White Lily is lower gluten with added phosphate for rise. Never used it. Perhaps British self-raising flour is similar, or a mixture of cake and all-purpose flour with a touch of baking powder.
*Sriracha is also good. Certain applications (Jamaican patties) need certain sauces (Pick-a-peppa)…
I use either White Lily or Southern Biscuit flour to make biscuits (the regular kind, NOT the self-rising). You can probably put something similar together yourself if you can’t find those flours by mixing pastry flour with regular all-purpose. Try starting with a 1-1 ratio and see what you get.
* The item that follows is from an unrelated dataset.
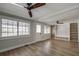 Hardwood floors and built-in shelves highlight this living room at 3912 W San Pedro St, Tampa, FL 33629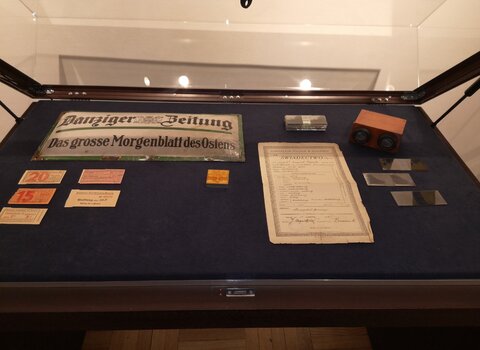 Zdjęcie przedstawia leżącą w gablocie metalową, prostokątną tablicę z napisem Danziger Zeitung i inne mniejsze pamiątki w tym dokument i stereoskop - przedmiot o kształcie aparatu.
I disagree with this. Louisiana-style hot sauce (Tabasco, Crystal, Louisiana, and apparently Texas Pete) is cayenne, salt, and vinegar. Frank’s has paprika and garlic powder. I haven’t had Texas Pete, but Tabasco, Crystal, and Louisiana taste different to me. Crystal seems ‘weak’ to me.
I feel that Tabasco is sour and too sharp to be tasty. Crystal and Louisiana are swappable and I don’t really like or use Frank’s very much. Mainly because I think wings are a waste of time and effort. Texas Pete fits right in with the first two to my taste buds.
Different strokes and all that. There are enough sauces out there to keep anybody happy.
I prefer Tabasco for American food. As you say, ‘Different strokes.’ I’ll take Louisiana over Crystal any day. That’s the brand I use in the dressing for shaved beef salad. I don’t use Frank’s very often; mostly when I make wings. And I don’t make the wings the proper way. I just use salt and Frank’s because that’s the way I like it. It’s good on (the rare) pizza. Generally I use Tabasco for American food, Sriracha for Asian, pizza, eggs, and other things, Tapatio for Mexican food, and Franks for wings and pizza.
To avoid hijacking the thread any more, one ingredient I’ve never seen is cane syrup (also an ingredient in the shaved-beef salad dressing). I substitute mild molasses.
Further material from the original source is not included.